Short descriptive text snippets
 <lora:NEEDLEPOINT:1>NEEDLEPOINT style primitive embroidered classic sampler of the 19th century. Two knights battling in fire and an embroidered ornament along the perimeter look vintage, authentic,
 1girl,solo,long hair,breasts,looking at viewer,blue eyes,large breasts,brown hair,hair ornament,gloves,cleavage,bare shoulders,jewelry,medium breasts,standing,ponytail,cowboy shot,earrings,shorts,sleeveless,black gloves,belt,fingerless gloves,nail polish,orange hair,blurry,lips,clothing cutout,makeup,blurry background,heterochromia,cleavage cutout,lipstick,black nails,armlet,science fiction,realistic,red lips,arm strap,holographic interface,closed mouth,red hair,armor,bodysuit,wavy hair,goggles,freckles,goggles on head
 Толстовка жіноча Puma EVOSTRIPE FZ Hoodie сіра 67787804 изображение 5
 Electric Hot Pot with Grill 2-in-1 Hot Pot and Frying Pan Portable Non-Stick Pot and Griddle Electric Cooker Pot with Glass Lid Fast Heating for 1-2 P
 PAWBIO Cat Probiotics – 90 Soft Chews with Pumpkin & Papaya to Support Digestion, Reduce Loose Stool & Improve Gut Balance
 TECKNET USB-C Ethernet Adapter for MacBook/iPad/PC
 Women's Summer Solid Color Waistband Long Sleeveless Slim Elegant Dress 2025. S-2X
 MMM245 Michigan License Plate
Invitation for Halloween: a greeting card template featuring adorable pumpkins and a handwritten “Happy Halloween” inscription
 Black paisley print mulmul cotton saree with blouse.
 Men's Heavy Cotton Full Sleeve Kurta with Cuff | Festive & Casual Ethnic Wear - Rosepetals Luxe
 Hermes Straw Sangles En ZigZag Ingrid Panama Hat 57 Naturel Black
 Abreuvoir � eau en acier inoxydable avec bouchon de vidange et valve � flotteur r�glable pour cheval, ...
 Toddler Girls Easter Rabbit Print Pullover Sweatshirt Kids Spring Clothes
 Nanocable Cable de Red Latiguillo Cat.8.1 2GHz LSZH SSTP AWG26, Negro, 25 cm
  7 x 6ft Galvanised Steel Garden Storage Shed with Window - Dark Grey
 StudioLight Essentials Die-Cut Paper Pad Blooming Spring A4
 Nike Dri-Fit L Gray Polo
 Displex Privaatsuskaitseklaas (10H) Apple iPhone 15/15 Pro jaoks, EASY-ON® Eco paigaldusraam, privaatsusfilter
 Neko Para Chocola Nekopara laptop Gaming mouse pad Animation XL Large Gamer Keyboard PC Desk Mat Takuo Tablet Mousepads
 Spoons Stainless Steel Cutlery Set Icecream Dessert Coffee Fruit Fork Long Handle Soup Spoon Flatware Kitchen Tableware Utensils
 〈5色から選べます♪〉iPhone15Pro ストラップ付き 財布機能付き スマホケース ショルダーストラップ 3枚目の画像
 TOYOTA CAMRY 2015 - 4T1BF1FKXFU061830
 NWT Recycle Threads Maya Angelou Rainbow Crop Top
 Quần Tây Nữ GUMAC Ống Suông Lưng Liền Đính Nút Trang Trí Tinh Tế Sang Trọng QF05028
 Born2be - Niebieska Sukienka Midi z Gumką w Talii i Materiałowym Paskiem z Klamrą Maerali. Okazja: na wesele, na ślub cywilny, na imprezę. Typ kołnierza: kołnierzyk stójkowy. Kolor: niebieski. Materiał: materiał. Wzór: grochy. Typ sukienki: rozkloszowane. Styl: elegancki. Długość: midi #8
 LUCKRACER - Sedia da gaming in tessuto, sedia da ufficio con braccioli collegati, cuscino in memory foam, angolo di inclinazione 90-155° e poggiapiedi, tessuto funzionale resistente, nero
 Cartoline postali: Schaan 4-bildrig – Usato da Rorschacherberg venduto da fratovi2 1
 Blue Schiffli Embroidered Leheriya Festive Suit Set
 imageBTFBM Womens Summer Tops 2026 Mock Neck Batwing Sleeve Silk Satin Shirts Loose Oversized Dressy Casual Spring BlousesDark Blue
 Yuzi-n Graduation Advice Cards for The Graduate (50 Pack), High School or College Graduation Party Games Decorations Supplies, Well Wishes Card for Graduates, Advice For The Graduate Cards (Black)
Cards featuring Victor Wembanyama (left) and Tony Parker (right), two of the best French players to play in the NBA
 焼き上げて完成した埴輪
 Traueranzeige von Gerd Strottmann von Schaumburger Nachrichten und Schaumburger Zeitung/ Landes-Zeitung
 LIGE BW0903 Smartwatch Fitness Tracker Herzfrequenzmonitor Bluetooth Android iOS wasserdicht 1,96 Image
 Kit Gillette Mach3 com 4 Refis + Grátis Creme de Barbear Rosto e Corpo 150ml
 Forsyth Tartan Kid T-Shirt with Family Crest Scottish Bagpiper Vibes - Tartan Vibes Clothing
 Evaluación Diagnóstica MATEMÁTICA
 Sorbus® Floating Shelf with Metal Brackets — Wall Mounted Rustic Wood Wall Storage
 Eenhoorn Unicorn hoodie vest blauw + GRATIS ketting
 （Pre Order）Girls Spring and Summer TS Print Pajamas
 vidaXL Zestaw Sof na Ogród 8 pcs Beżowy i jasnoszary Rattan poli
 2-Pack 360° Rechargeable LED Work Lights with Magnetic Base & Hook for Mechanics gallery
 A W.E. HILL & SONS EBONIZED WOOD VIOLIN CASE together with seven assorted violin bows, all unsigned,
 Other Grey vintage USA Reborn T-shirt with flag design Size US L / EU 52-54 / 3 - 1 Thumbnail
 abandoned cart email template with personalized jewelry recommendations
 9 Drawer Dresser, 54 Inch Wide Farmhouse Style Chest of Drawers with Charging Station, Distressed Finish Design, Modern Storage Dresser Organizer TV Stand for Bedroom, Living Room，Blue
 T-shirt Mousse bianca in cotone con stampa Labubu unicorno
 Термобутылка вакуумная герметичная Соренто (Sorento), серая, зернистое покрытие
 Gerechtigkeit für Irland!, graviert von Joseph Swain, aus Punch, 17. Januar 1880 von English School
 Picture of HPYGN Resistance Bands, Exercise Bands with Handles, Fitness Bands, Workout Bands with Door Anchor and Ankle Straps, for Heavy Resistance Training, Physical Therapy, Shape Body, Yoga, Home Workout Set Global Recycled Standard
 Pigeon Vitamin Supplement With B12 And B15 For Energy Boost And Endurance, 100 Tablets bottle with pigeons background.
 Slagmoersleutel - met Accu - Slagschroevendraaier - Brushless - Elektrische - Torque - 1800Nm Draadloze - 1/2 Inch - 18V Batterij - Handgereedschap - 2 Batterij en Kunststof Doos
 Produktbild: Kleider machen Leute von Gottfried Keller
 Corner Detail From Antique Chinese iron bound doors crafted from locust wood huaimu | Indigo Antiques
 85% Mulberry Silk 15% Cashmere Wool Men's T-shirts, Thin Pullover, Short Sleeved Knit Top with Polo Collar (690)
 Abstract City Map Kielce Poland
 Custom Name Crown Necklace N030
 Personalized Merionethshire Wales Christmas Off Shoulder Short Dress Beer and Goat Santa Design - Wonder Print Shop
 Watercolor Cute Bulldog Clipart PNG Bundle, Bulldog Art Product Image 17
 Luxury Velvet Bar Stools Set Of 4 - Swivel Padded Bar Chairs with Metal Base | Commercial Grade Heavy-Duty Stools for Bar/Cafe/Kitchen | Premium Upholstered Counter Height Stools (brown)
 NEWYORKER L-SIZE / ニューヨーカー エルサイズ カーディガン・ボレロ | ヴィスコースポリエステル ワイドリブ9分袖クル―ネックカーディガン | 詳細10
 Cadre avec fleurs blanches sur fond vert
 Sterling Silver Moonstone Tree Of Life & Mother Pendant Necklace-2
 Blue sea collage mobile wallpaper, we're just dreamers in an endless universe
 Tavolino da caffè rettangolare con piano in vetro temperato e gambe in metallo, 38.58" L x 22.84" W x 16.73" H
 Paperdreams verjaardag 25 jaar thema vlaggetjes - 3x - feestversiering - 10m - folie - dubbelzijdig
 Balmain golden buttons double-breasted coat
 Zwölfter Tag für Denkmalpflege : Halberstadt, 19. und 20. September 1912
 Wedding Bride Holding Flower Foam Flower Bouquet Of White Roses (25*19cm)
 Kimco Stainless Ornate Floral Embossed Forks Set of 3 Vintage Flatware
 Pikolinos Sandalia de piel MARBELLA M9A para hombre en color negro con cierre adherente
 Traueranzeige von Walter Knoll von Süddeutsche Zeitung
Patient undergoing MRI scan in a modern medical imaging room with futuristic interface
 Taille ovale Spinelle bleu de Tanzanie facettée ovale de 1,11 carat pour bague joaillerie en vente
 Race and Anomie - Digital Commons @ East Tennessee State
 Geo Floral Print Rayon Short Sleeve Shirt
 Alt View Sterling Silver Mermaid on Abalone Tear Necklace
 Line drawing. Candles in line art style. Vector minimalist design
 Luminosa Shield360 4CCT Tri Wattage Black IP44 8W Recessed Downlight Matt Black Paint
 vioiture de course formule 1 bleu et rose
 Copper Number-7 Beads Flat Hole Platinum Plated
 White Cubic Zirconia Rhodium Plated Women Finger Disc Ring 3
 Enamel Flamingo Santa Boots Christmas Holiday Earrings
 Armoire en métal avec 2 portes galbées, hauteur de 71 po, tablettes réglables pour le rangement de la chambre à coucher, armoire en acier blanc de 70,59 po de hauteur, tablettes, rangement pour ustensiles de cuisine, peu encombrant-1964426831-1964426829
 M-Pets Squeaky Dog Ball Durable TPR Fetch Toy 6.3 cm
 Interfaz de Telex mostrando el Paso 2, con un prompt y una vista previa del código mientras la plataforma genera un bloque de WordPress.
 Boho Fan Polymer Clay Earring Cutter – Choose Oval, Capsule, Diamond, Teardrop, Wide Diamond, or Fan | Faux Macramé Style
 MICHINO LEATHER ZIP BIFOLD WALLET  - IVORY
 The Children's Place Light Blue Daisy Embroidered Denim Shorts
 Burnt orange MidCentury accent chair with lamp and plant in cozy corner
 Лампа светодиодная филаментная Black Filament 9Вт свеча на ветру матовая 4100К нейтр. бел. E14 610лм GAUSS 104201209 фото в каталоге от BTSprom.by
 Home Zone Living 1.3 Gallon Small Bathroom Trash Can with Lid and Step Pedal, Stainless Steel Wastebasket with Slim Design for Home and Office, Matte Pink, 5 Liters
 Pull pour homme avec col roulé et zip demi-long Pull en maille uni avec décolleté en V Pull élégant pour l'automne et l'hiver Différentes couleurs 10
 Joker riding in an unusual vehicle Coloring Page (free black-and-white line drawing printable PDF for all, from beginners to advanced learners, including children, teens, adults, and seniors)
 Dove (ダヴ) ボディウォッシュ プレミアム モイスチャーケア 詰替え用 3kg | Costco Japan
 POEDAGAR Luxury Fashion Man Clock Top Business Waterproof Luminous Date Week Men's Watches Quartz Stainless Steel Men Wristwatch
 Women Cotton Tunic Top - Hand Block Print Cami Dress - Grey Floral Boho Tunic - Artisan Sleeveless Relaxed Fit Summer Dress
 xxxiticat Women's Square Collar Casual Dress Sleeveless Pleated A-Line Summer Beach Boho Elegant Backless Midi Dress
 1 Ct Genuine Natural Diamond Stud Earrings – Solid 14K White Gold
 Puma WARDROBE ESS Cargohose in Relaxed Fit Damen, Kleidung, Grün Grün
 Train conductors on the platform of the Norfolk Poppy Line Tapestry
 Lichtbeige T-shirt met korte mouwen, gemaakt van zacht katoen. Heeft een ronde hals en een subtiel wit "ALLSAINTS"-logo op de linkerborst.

INSTRUCTIONS FOR THE TASK
All lines in the entries above that hold the word "drawing" need to be copied.

RESULT FOR THIS EXERCISE
 Line drawing. Candles in line art style. Vector minimalist design
 Joker riding in an unusual vehicle Coloring Page (free black-and-white line drawing printable PDF for all, from beginners to advanced learners, including children, teens, adults, and seniors)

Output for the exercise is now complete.